What if Those Books are “not for us”?

What if Those Books are “not for us”?

This past semester, an extremely bright student in my senior seminar recounted a story of how her high school debate team, which was very successful, found itself towards the end of the season facing debates against kids from swank private schools. Describing her own school as working-class, she said that the thing that stood out most for her was how extremely well-read those private-school kids were. She felt like there was no way she and her friends could ever catch up. And the more she listened to them talk, and quote things, and drop into conversation–without even thinking–the titles of and ideas from things they’d read, the more she began to think that “those books were a luxury that just wasn’t for us.”

That notion–not that owning physical texts and having the time to read them is a luxury, but that merely having access to them, was a luxury beyond the reach of a working-class student–has haunted me since that September conversation. We were talking about cultural capital, about the possible values of reading widely, but quickly, this became a conversation about privilege, access, and, most importantly, entitlement. It became a conversation about students who were made to feel, on a pretty fundamental level, that certain books were simply not for them.

Teaching as I have for the last fifteen years at a university whose students are predominantly the first in their families to go to college, who are putting themselves through school, who have complicated lives with family commitments and a need to balance full-time employment (when they can get it) with full-time student status in order to make ends meet, I am no stranger to these questions of the power of privilege in fostering literacy.

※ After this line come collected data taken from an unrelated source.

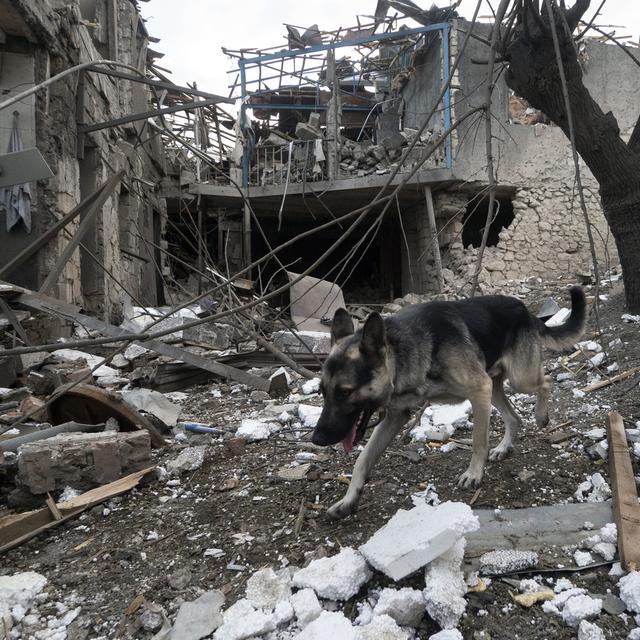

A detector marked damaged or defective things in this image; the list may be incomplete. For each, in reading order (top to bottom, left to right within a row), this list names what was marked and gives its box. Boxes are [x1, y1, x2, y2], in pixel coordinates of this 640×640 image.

damaged wall [0, 0, 168, 328]
damaged facade [0, 0, 169, 324]
damaged facade [190, 7, 636, 298]
broken window [460, 195, 516, 248]
broken concrete slab [16, 430, 151, 496]
broken concrete slab [292, 544, 370, 600]
broken concrete slab [360, 502, 476, 584]
broken concrete slab [170, 592, 225, 640]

I have long said that the hardest thing to accept as a teacher at a place like this is that there is so precious little a teacher can do in one semester to make up for eighteen years of not reading or being voraciously read to.

But, I am ashamed to say, it had never occurred to me in precisely this way that students would come to me already acculturated to feel disenfranchised by the very books that I was including on my syllabi. This is not to say, of course, that in my classes we do not spend lots of time talking precisely about questions of reading, authorship, and cultural value. The problem of who has had a voice, historically, in print is central to any Victorian literature classroom as far as I’m concerned.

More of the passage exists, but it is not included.